Did The Federal Government Turn A Blind Eye To Forced Labour?

The Canadian Government is still facing heavy criticism for rewarding multimillion-dollar contracts to an organization that has allegedly used forced labourers to manufacture gloves procured for the country.

To fight against forced labour, the Canadian Government must lead by example. First and foremost, it is a moral imperative for the Government to take a stand against human rights abuses and to ensure that the products it purchases for its own use or for distribution to its citizens are not complicit in such abuses. Additionally, by taking a strong stance against forced labour, the Government can set an example for other organizations and individuals to follow and pressure companies to improve their labour practices.

Supermax HealthCare Canada, a subsidiary of Supermax Corp, has received more than $500,000,000 in contracts; ($231 million) from the Federal Government of Canada and ($330 million) from the Quebec government since the start of the pandemic for Personal Protective Equipment (PPE). They are also the second largest manufacturer of disposable gloves globally, producing 24 billion gloves annually, accounting for a 12% share of the global market. The company is accused of forced labour by exploiting migrant workers in its Malaysian factory.

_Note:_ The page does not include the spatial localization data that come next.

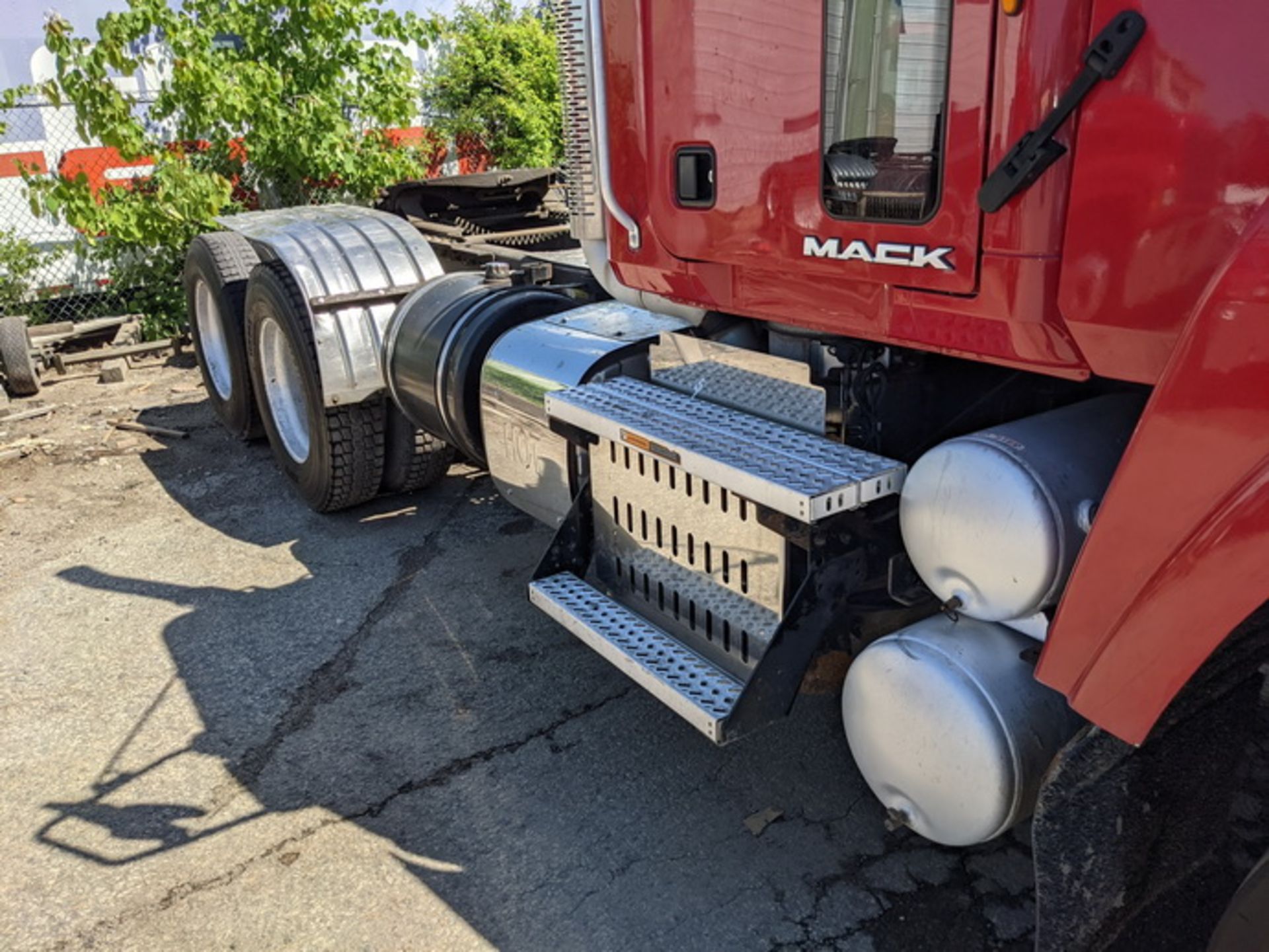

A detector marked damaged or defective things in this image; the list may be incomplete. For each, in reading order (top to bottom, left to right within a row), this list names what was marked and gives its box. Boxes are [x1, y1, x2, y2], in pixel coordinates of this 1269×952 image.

cracked asphalt [0, 362, 1031, 946] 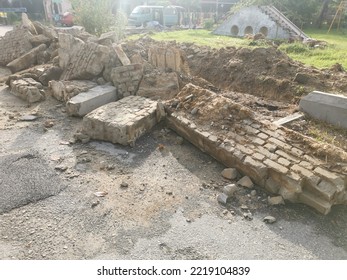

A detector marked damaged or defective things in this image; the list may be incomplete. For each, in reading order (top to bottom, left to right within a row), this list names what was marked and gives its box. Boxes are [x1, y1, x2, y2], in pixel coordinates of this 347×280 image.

broken concrete slab [6, 43, 47, 72]
broken concrete slab [9, 77, 44, 103]
broken concrete slab [49, 80, 98, 101]
broken concrete slab [66, 84, 119, 117]
broken concrete slab [82, 95, 162, 145]
broken concrete slab [300, 91, 347, 130] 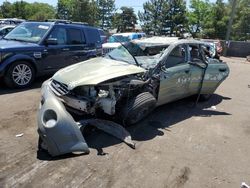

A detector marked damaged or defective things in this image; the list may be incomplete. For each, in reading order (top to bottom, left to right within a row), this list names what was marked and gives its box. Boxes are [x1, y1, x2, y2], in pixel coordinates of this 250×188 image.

detached front bumper [36, 81, 89, 156]
crumpled front end [37, 80, 89, 156]
dented hood [53, 57, 146, 90]
wrecked green sedan [36, 36, 229, 156]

The U.S. government found these forced labourers to face all but one of the following International Labour Organization’s 11 indicators of forced labour:

1. Abuse of vulnerability
2. Deception
3. Restriction of movement
4. Solation
5. Physical and sexual violence
6. Intimidation and threats
7. Retention of identity documents
8. Withholding of wages
9. Debt bondage
10. Abusive working and living conditions
11. Excessive overtime

The situation at Supermax was first exposed prior to the pandemic in a November 2019 publication in The Diplomat magazine. In response to the allegations, La Presse reported that Supermax had hired an independent firm to conduct a full audit of its operations per the International Labor Organization’s forced labour indicators. The report of this audit is overdue.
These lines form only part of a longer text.